It has been nineteen years since ground was broken for a shedra (monastic college) at Surmang Dutsi Til monastery in Tibet, and thirteen years since the shedra building complex went into use for children’s programs and other purposes. The lengthy final stage in enabling the building complex to fulfill its purpose as a shedra has awaited the full readiness of the shrine room. This has meant preparation of elaborate furnishings, especially the three very large rupas (statues) which the shrine room was specifically designed to include. Viewed left to right, the rupas are Manjusri, Maitreya Buddha, and Green Tara. With the final work on the rupas now accomplished, the shedra building program is completed.
The shedra building complex is now fully dedicated to its purpose as a monastic college and began classes on November 4. The complex includes residential space for teachers and for monks.
Surmang is the home monastery of the Trungpa lineage of teachers. More than a thousand people from the sangha in the West, including many who were students of Chogyam Trungpa XI Rinpoche, contributed to the shedra construction effort over the years. Some people are continuing their support, helping to fund the ongoing programs. (Visit here if you would like to join in.)
Several dozen monks from Dutsi Til are participating so far in the shedra, studying Gampopa’s Jewel Ornament of Liberation. The number of monks in attendance is expected to increase to about seventy in the coming months.
A group of children who are apprentice monastics, mostly boys as well as several girls, have been studying reading and writing in Tibetan, and also Buddhism, at the monastery. That has also been with the support of Konchok Foundation. When their introductory studies are completed, they will be eligible to join the shedra.
Starting in 2010, while work on the shrine room furnishings continued, the shedra building complex has been used for various children’s programs, for shedra-type study programs for monks, as the temporary monastery lhakang (shrine hall) when the monastery’s lhakang was being rebuilt, and as a temporary residence for nuns while the Kyelaka nunnery associated with Surmang Dutsi Til was under construction.
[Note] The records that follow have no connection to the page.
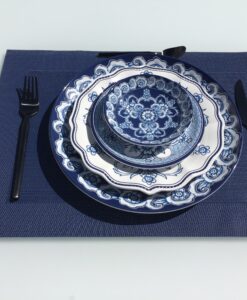 Blue and white floral melamine plates, stacked on a dark blue placemat, with a black fork on the left, spoon on top, and knives beside.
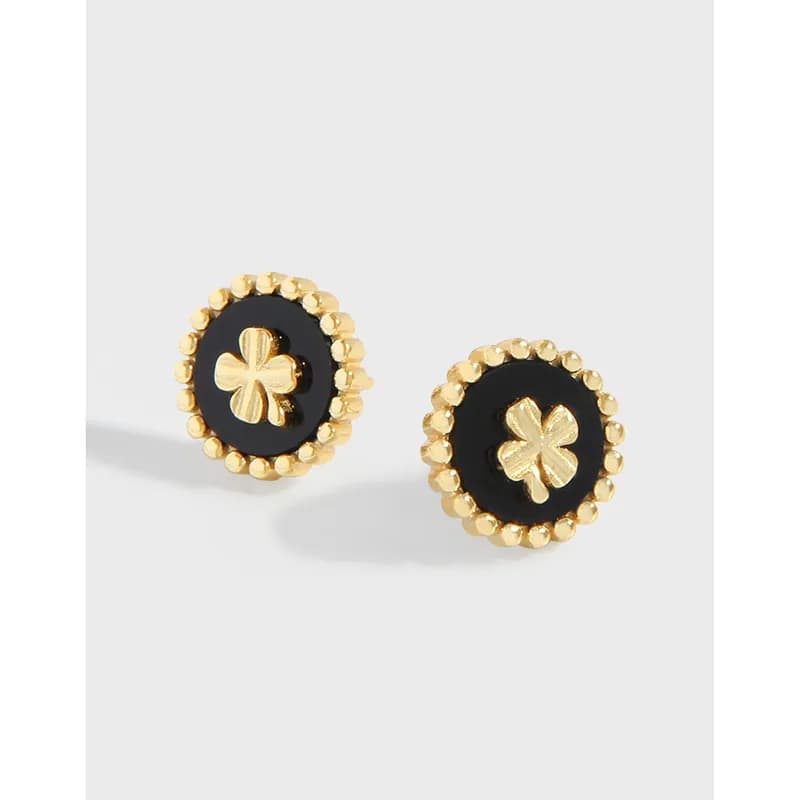 Circular stud earrings featuring black enamel, a gold beaded border, and a gold four-leaf clover center.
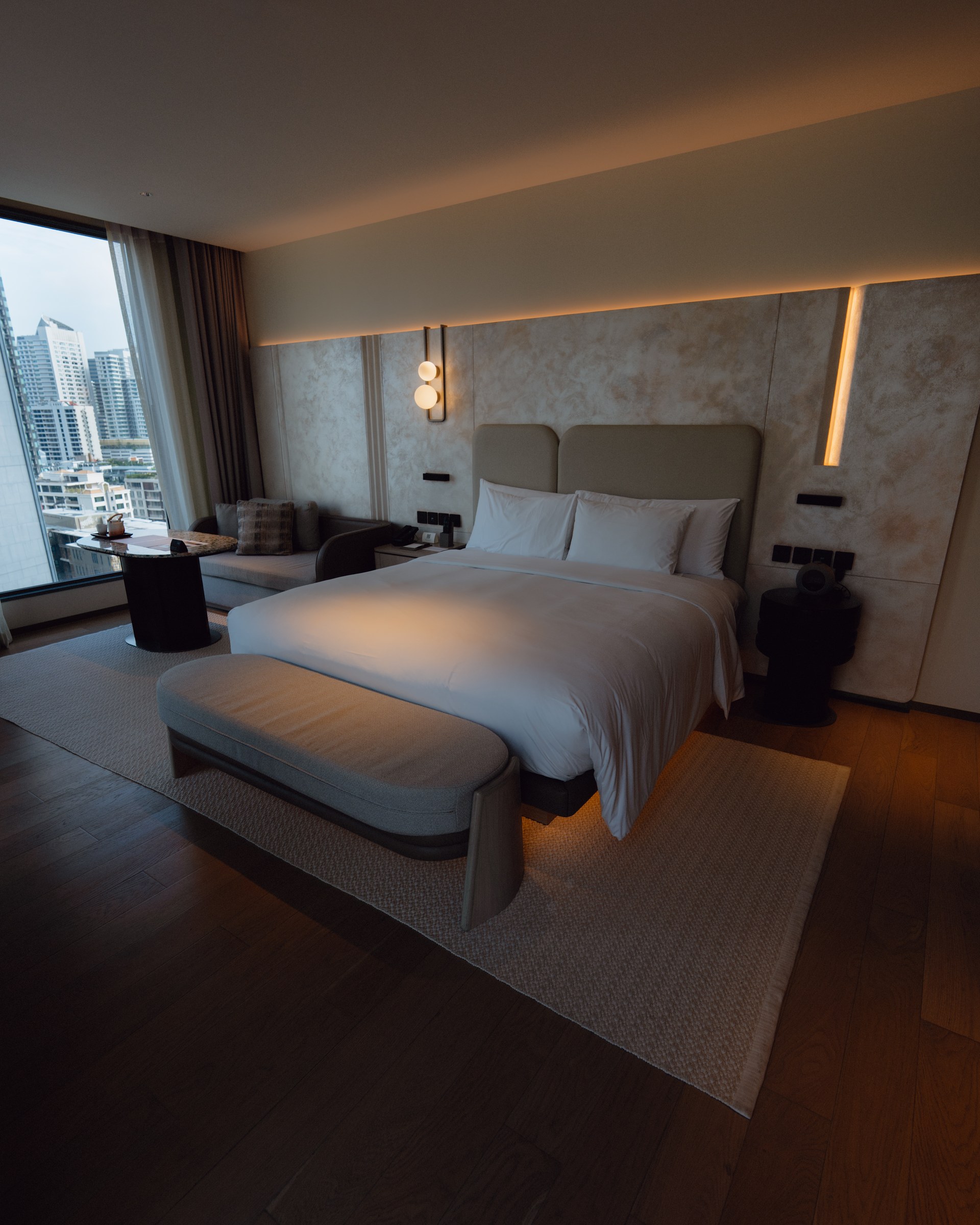 KROMO Bangkok Corner Junior Suite bedroom with city view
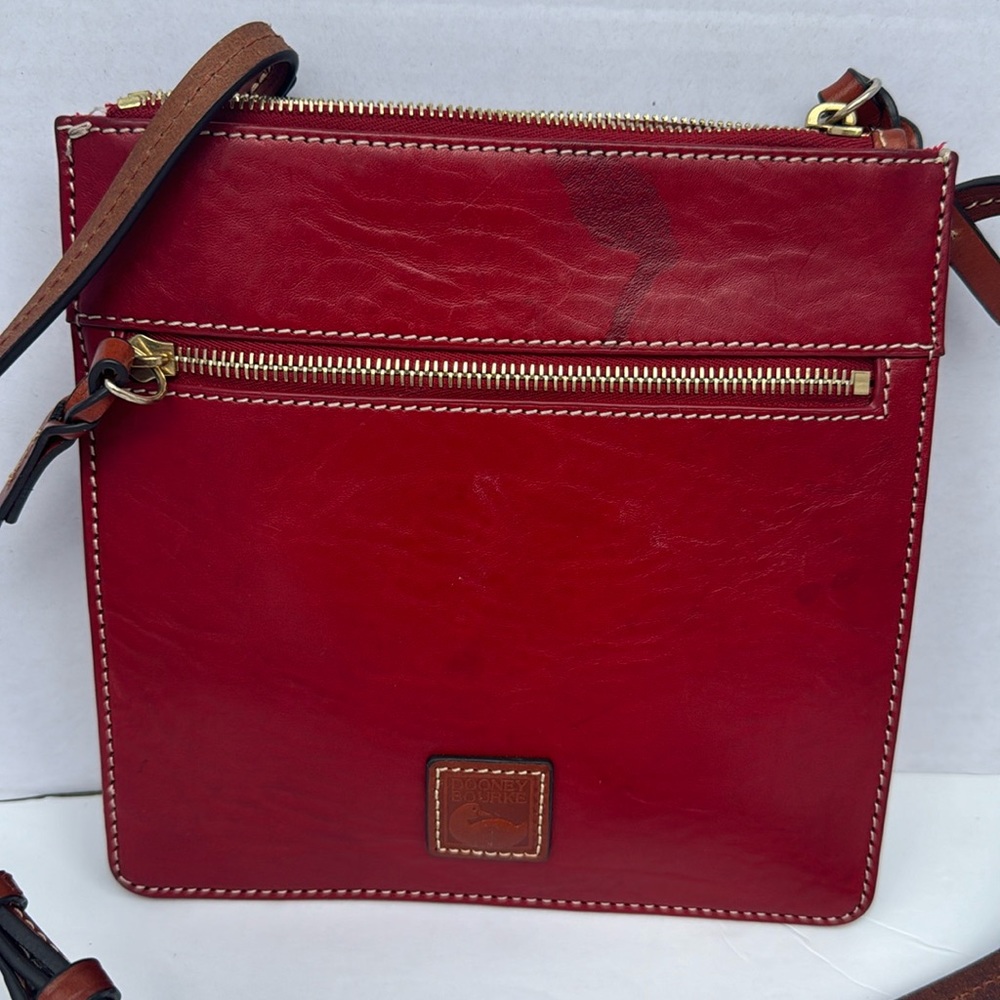 Rich red leather Dooney and Bourke crossbody purse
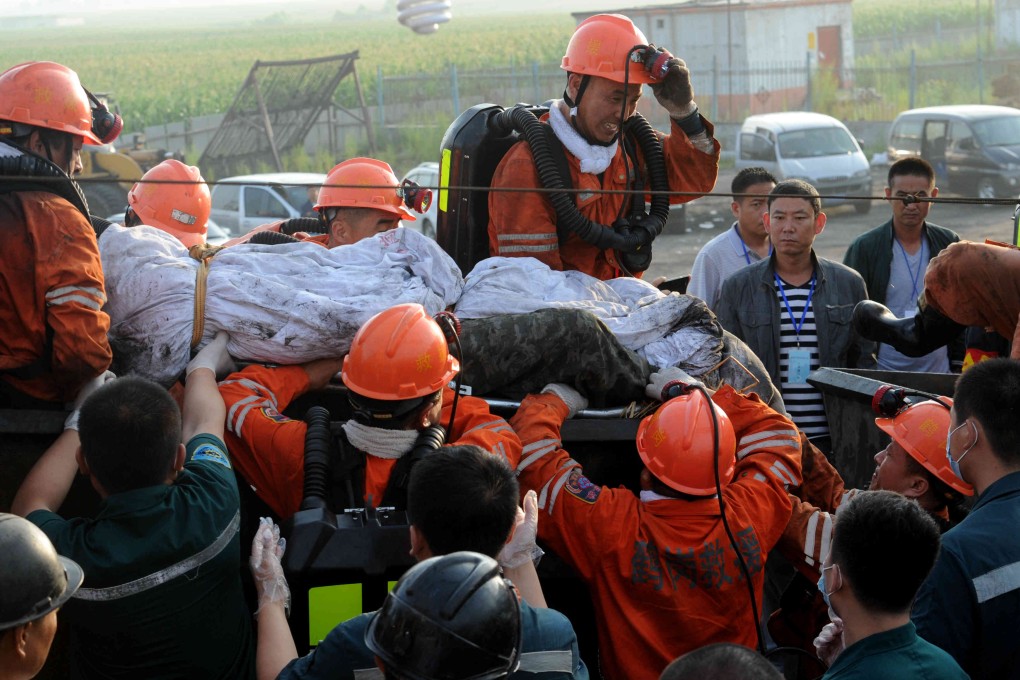 Rescuers carry a miner to safety after a deadly flood at a mine in Heilongjiang province in July. File photo: Xinhua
These were all highly useful purposes but everyone at Surmang is pleased to now have the shedra complex fulfilling its role as a locus for intensive study and practice.
The Surmang Kyelaka nuns have been undertaking the same types of studies, led by khenpos (teachers), as at the Dutsi Til shedra. Recently, they participated in a mahamudra study and practice program. However, it hasn’t been called a shedra since, unlike Dutsi Til, there is no separate building for the programs at Kyelaka, which take place in the main shrine room of the nunnery.
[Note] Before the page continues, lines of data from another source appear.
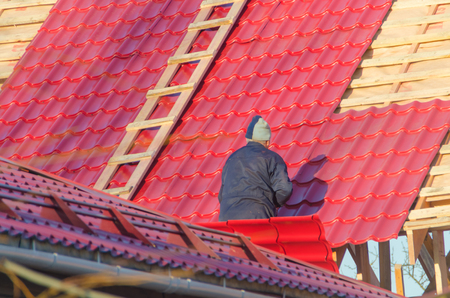 the man, the worker, the roofer covers a roof of the wooden, frame house with red metal tile, by means of the screwdriverの写真素材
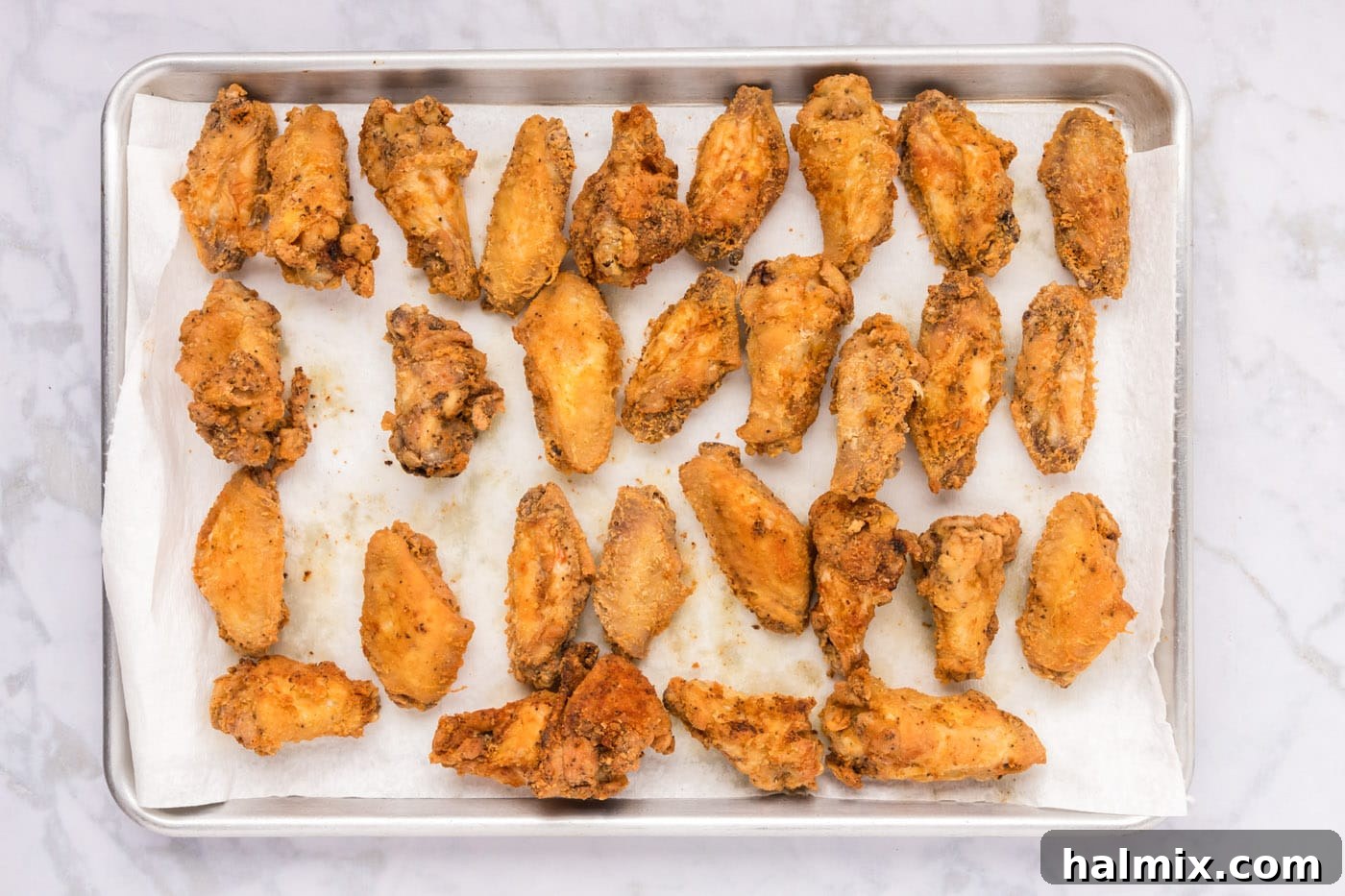 Fried chicken wings on a baking sheet lined with paper towels and a wire rack.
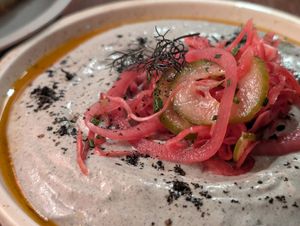 Burnt Eggplant dip with smoked tomato oil, featuring pickled vegetables and dill as garnish at Ballard's in Thornbury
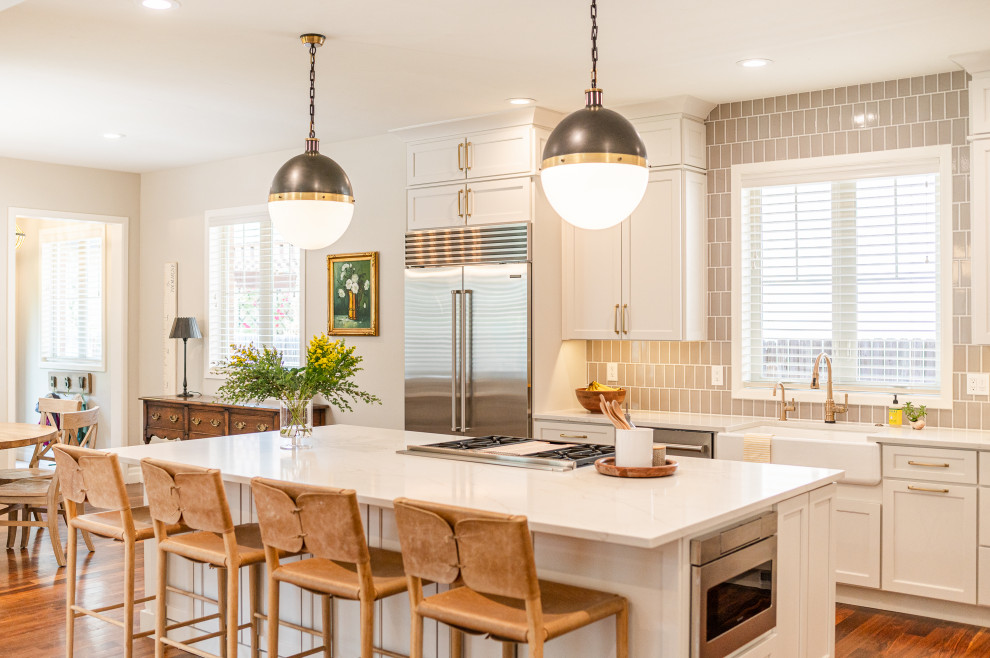 Inspiration for a large transitional l-shaped dark wood floor and brown floor open concept kitchen remodel in Denver with a farmhouse sink, shaker cabinets, beige cabinets, quartz countertops, beige backsplash, ceramic backsplash, stainless steel appliances, an island and white countertops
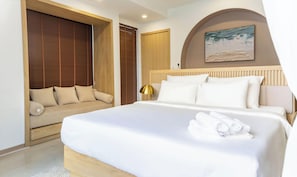 Quarto de hotel com cama, sofá, guarda-roupa de madeira e um quadro na parede.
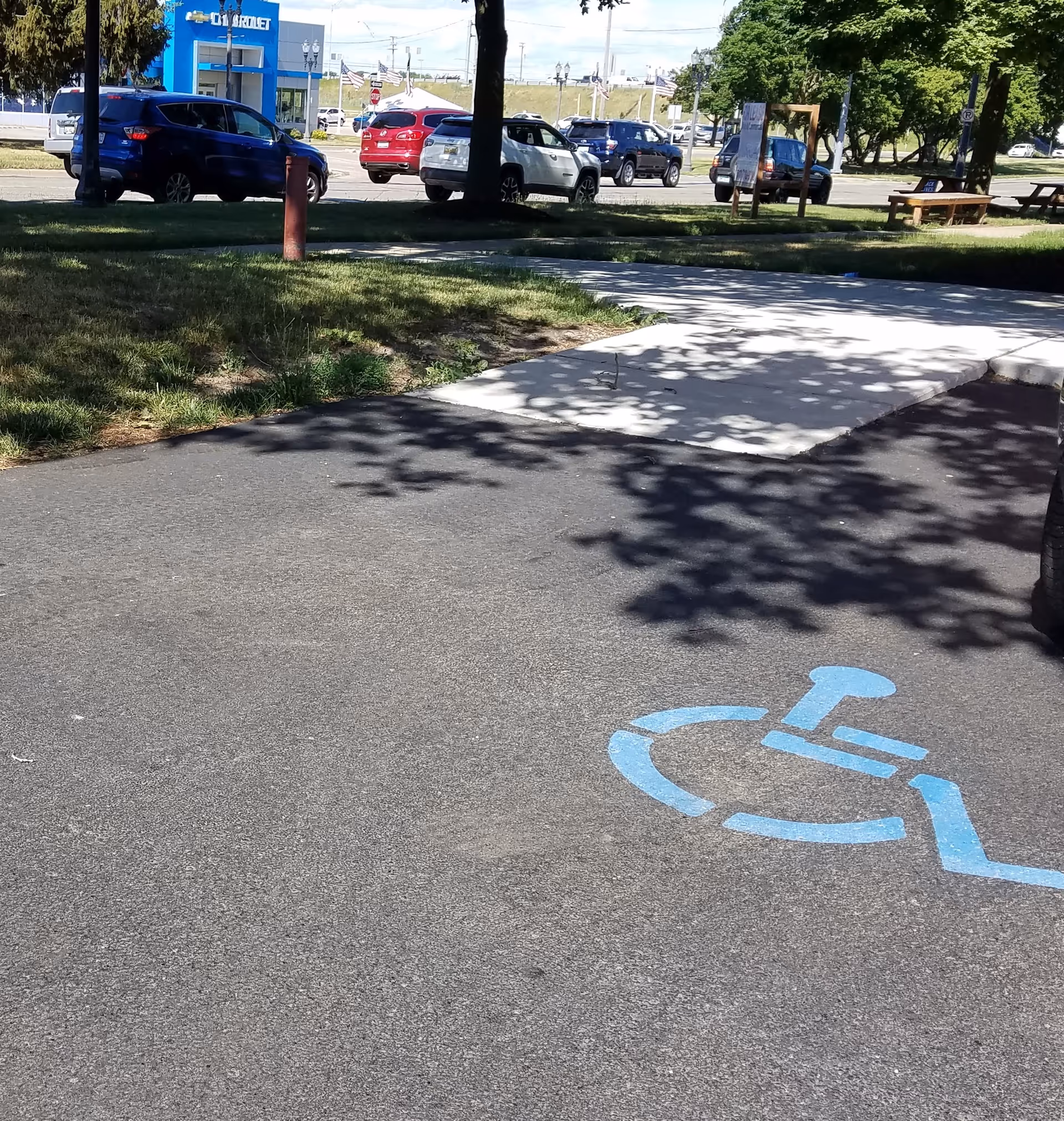 Parking lot and sidewalk with handicap symbol, benches, and trees outdoors.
A two-story kitchen for the nunnery is now under construction, with the labor entirely provided by volunteers. A combination of local residents with construction experience, and the nuns themselves, are working on the nunnery kitchen. A local individual donated the building materials. Donors to Konchok Foundation will help pay for the kitchen equipment. The nuns already have a personal kitchen in each of their small houses; this kitchen will be for preparing food and tea for group practices, as well as other uses on the second floor. Construction is about to stop for the winter and will resume in the spring.